Elections

Most Americans hardly knew Kamala Harris before Biden stepped down. What have they learned?

Democratic presidential candidate Vice President Kamala Harris speaks during a campaign stop at the Reno Events Center on Thursday, Oct. 31, 2024.
Democratic presidential candidate Vice President Kamala Harris speaks during a campaign stop at the Reno Events Center on Thursday, Oct. 31, 2024. pkitagaki@sacbee.com

Kamala Harris is close to making history. She could become the first woman president, first Asian-American president, first woman of color president and first Democrat from California to be elected president.

But to claim all those firsts, she needs to get the public comfortable with her. And even with Election Day approaching, people are still trying to know just who the vice president is.

America has only been intimately acquainted with Harris since mid-July, when President Joe Biden declined to seek another term. Since then, Democrats and Republicans have engaged in a crash course to define Harris.

So far, the public has learned she’s a tough, disciplined campaigner, unrattled by Donald Trump’s insults and accusations. They’ve also found she can be vague about where she stands on all sorts of issues.

“We’ve learned a lot about her persona and about how she would handle herself as commander-in-chief. That does matter, especially because she’s fighting an uphill battle as a woman,” said Amber Boydstun, professor of political science at University of California, Davis..

“That’s why her team has effectively shown she’d be a calm, empathetic leader who would stand up for herself and the United States. She’s cool under pressure.”

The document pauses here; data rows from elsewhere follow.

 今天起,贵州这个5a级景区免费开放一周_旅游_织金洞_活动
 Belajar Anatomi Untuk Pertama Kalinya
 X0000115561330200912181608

But at the same time, Boydstun said, “I don’t know if in my lifetime we’ve had an election where we’ve heard so little about both candidates’ policies.”

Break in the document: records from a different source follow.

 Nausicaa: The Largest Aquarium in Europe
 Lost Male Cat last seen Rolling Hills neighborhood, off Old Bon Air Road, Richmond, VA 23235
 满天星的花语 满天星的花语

The vice presidential problem

Until this summer, Harris was in a political purgatory familiar to vice presidents. She was loyal to Biden, a publicly silent but important insider who unquestionably supported his policies. That also meant she had to endure the criticism when things went wrong.

Harris was deeply unpopular with the public, as inflation crested at its highest levels in 40 years and undocumented immigrants poured across the U.S.-Mexico border. Unlike Biden, who got blanket media coverage and could defend himself in a very public way, Harris had to stay behind the scenes as the largely unseen, unheard partner.

Then suddenly, Biden was out of the presidential race on July 21, one month before the party’s nominating convention. Democrats, excited by her fealty to party causes and her energy, quickly rallied around Harris.

“She hit the ground running. For partisan Democrats she’s been a credible breath of fresh air,” said Lee Miringoff, director of the Marist Institute for Public Opinion in New York..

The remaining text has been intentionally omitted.